私はある友達が本を一切読まなく、社会情勢にも関心がないと知って、ちょっとがっかりしたことがある。
「小説が特に読めないんだよね。想像ができなくて頭に入ってこないというか」
「メルケルってどこの国の人だっけ?」
内心、信じられない…と思ってしまった。その人に敵わないことは沢山あるので、なんか悔しかった。
でも彼は他人の悪口を言わないし、多分、むだな知識がないからか、世の中の純粋さを信じていた。
元々私の理想は、教養があって話の面白い人だった。
勤め先には、博識で自分が知らない世界を沢山知っている年上の人たちが多くいた。
その中でも、頭がキレてユーモアがあり、歴史や時事に詳しく、一方的に尊敬していたマネージャーがいた。
この人は私の理想だとうっとりしていた。
けど、よく関わるようになって別の一面が見えた。結構な頻度で、誰かが思い通りにいかないと激昂して怒鳴りつけたり、自分のイラつきの解消のために刃物のような言葉で相手をぶっ刺したりする。
「あんなバカな奴らとは会話にならない」
「いい加減にしろよ!ちゃんと仕事しろよ」
勝手に私が大事にもっていた理想像は崩れていった。
頭いいから周りがバカに見えるんだろうな。まあ味方についてくれているときは心強かったけど。
めっちゃモラハラしそうじゃないか…
以前は、強い物言いをする人に心惹かれていたこともあったけど、私は目が覚めたのだった。。おとなになったね。
必ずしも知識があり賢い人が尊敬できる人じゃない。この年になってしみじみ感じた。
物知りじゃなくていいから、優しい心を持っている方がいい。
あと、親戚の1人は読書家で色んな分野に造詣が深く、以前から尊敬していた。でも無意識に、ん??と思う発言をすることがあった。
同性愛の人が職場にいるのはイヤだ。怖いから。
女性って志が低い人が多い。
ふと気づいた。教養のある人がえらいとか、同じ本を読んでると気があうとかじゃないんだ。(だから『花束みたいな恋をした』を観て私は大怪我をした)
摂取してるものはその人の、ごく一部でしかない。私も同じ。なんか本読んで、新聞読んで、えらくなった気がしていたんだ。

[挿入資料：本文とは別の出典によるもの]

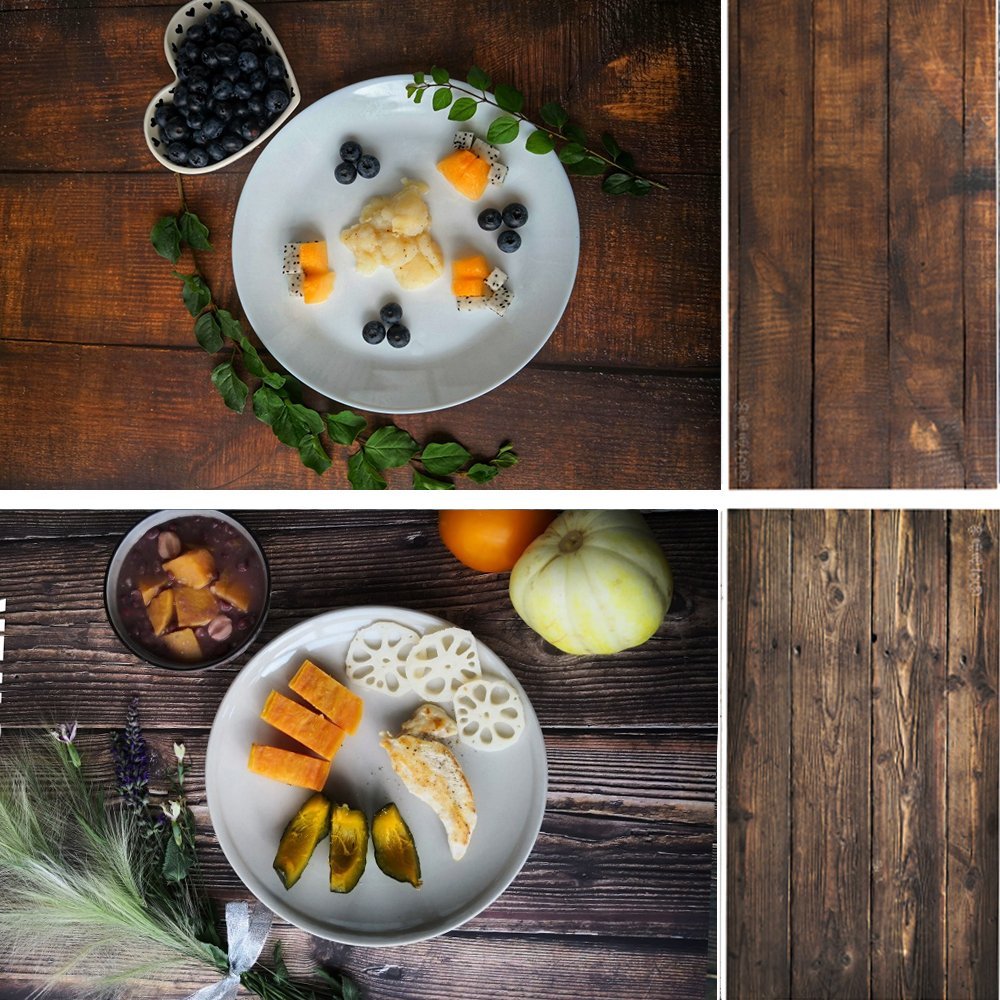 Evanto 22x35 Inch (56x88cm) 2-in-1 Cracked Marble Background Flat Lay Seamless Photo Backdrop Paper for Food, Jewelry, Cosmetics Tabletop Photography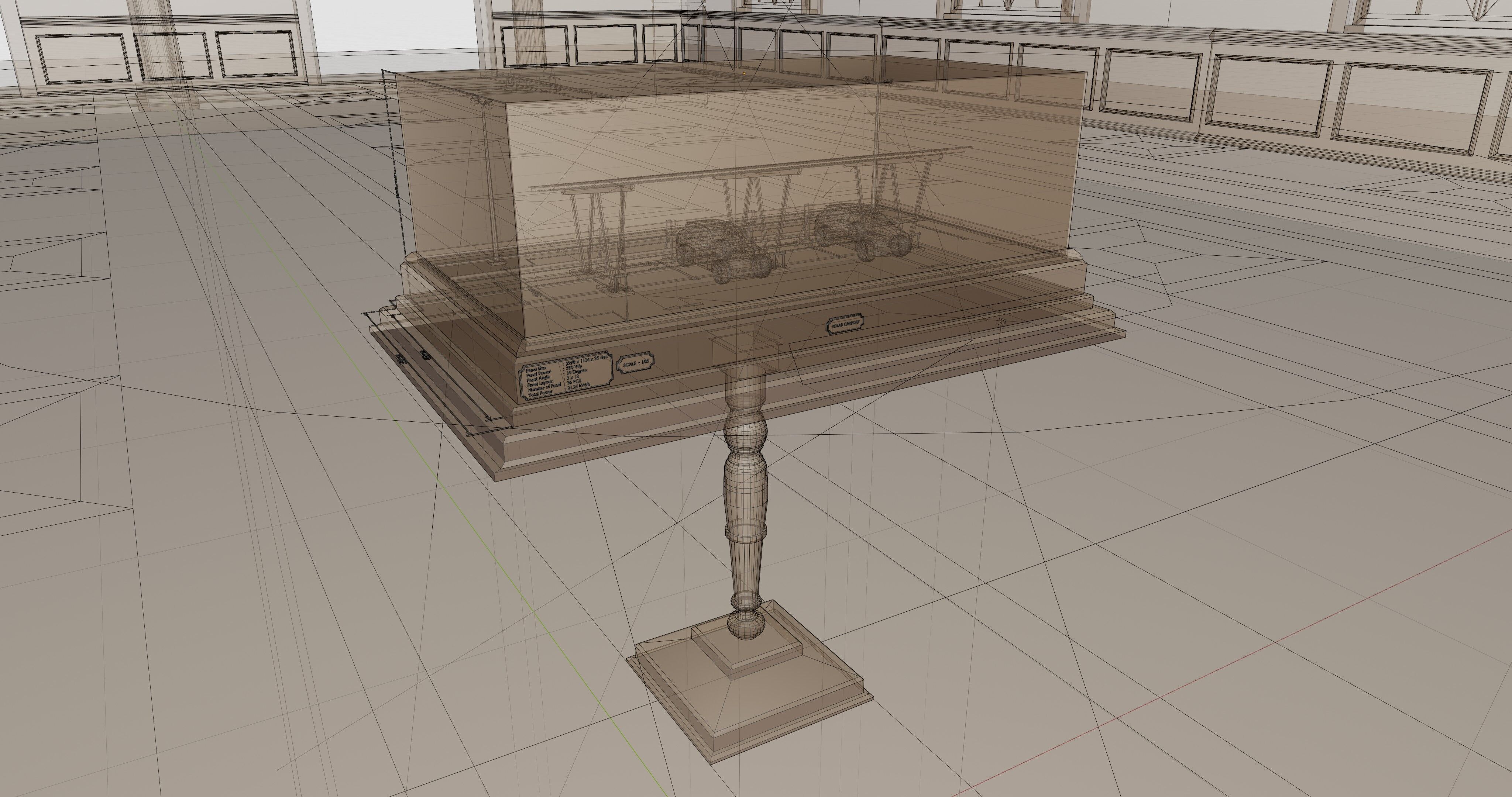Solar Carport Type-2 3x12 Panels Diorama 3D model_11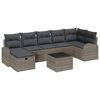 vidaXL Sofa Set 8 stk. Grau Poly-Rattan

何を考えるか、信じるか、発言するか、行動するか。それが大事なんだな。教養があるイコール尊敬できるにはならない。
ちなみに冒頭の友人は社会人になってから毎週図書館に通ってるらしい。
あのときの私、「本読まないとか信じられないわ」とか言わなくてよかった。何かを押し付けることは自分が昔されて嫌だったことだ。
人にとって何かを始めるタイミングはそれぞれ。自分のタイミングがある。